= Walter S. Gibson =

American art historian (1932–2018)

Walter Samuel Gibson (1932 – 18 November 2018) was an American art historian and university professor whose studies focused primarily on the artists Pieter Bruegel the Elder and Hieronymus Bosch.

== Life ==
Gibson was born in Columbus, Ohio. Following military service in the United States Army during the Korean War, Gibson graduated cum laude with his BFA from Ohio State University in 1957 and then studied at Harvard University. After Gibson obtained his master of arts in 1960, he was awarded a Fulbright Scholarship for doctoral research. Gibson's Ph.D was completed in 1969. He worked as a professor at Case Western Reserve University from 1966 to 1998. He led the Department of Art History and Art at Case Western from 1971 to 1979, and assumed the Andrew W. Mellon Professorship in the Humanities in 1978, the same year he received the Guggenheim Fellowship. In retirement, Gibson was named the Clark Visiting Professor of Art History at Williams College.

Gibson studied art from the Northern Renaissance period, particularly focusing on the artists Hieronymus Bosch and Pieter Bruegel.
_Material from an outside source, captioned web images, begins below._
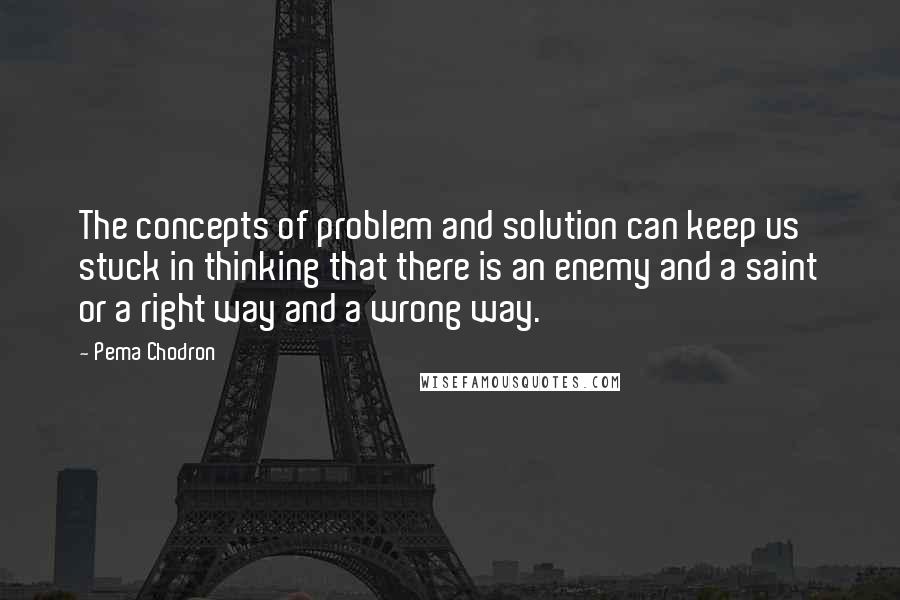 Pema Chodron Quotes: The concepts of problem and solution can keep us stuck in thinking that there is an enemy and a saint or a right way and a wrong way.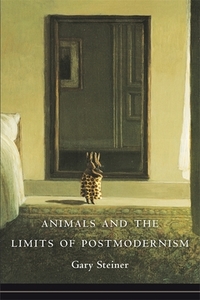 Animals and the Limits of Postmodernism di Gary Steiner edito da Columbia University Press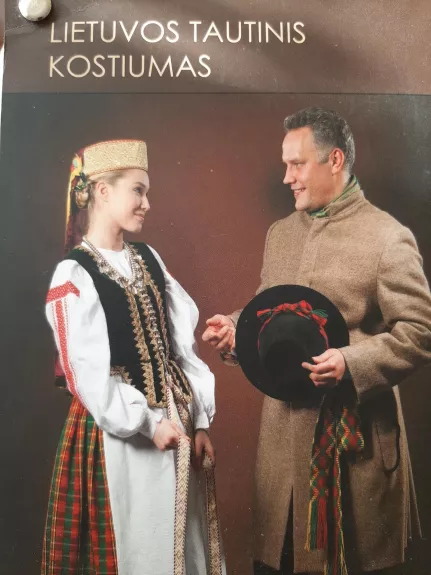 Lietuvos tautinis kostiumas - Autorių Kolektyvas, knyga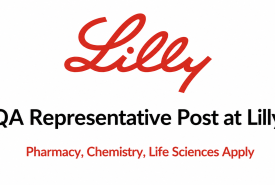 QA Representative career at Lilly - hiring Pharmacy, Chemistry, Life Sciences with GMP experience in solid oral dosage form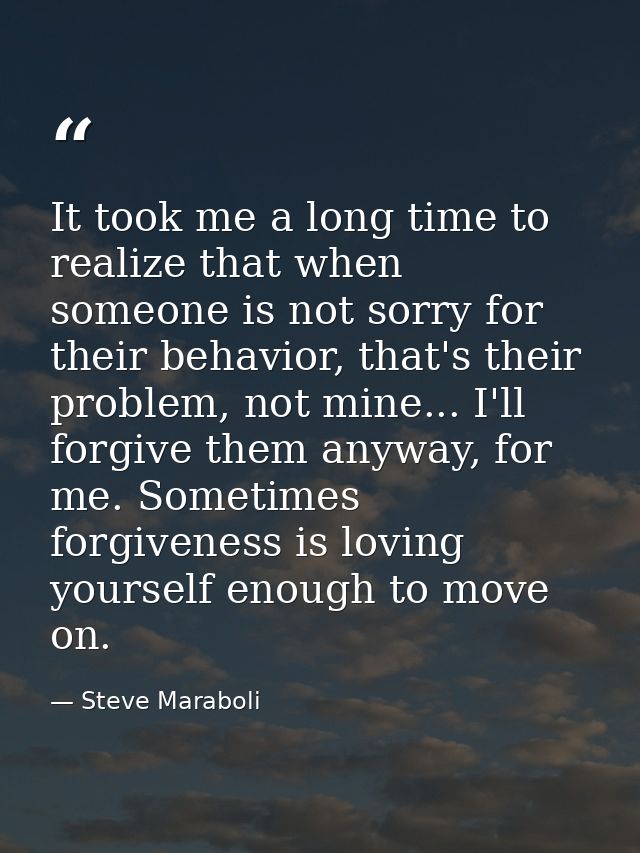 It took me a long time to realize that when someone is not sorry for their behavior, that's their problem, not mine... I — Steve Maraboli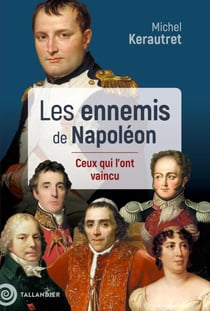 Les ennemis de Napoléon - Ceux qui l'ont vaincu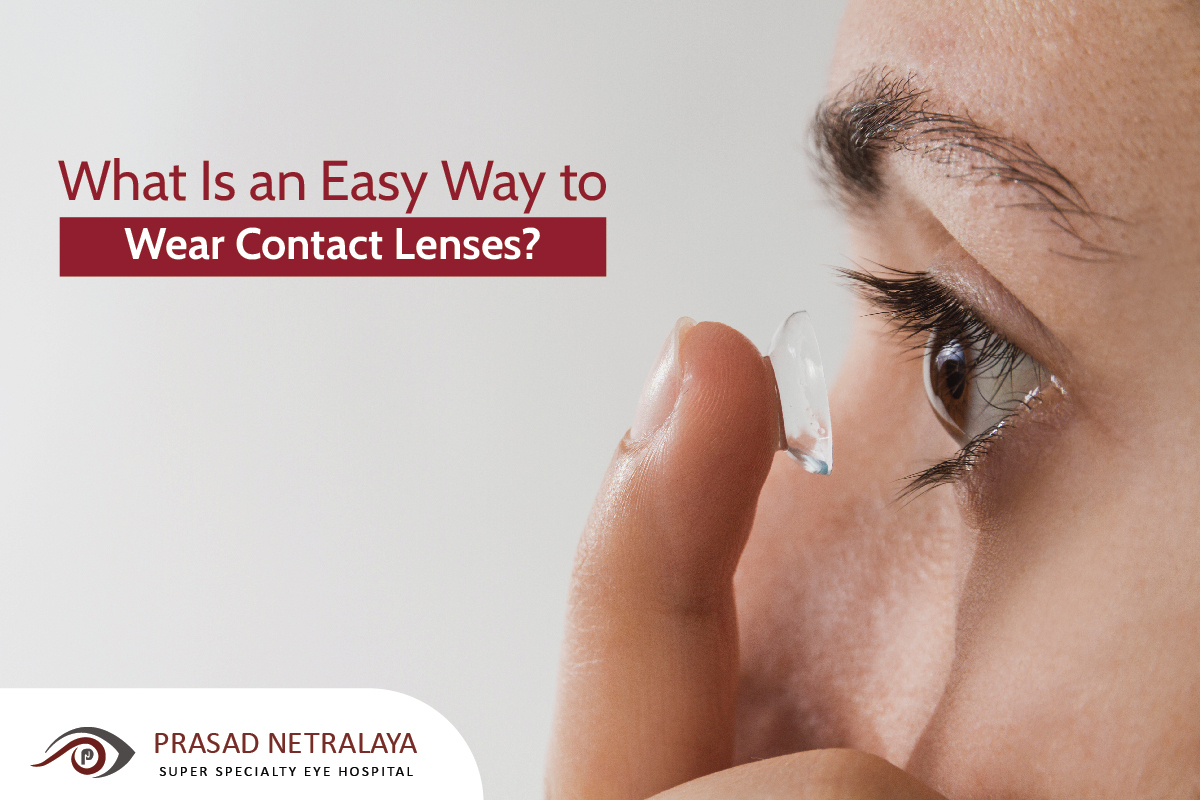 What Is an Easy Way to Wear Contact Lenses?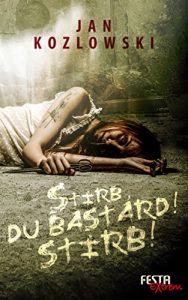 Baixar Stirb, du Bastard! Stirb!: Festa Extrem (German Edition) pdf, epub, eBook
The archive of his work was acquired by the Rubenianum, a research institution and archive for Flemish art, in 2018.

== Select publications ==
- The Paintings of Cornelis Engebrechtsz. Harvard, 1969.
- Bruegel. New York: Oxford University Press, 1977
- Hieronymus Bosch: An Annotated Bibliography. Boston : G. K. Hall, 1983
- Mirror of the Earth: The World Landscape in Sixteenth-century Flemish Painting. Princeton: Princeton University Press, 1989
- Bruegel and Netherlandish Landscape Painting from the National Gallery Prague. Tokyo: National Museum of Western Art, 1990
- Pleasant Places: The Rustic Landscape from Bruegel to Ruisdael. Berkeley: University of California Press, 2000
- Pieter Bruegel and the Art of Laughter. Berkeley: University of California Press, 2006.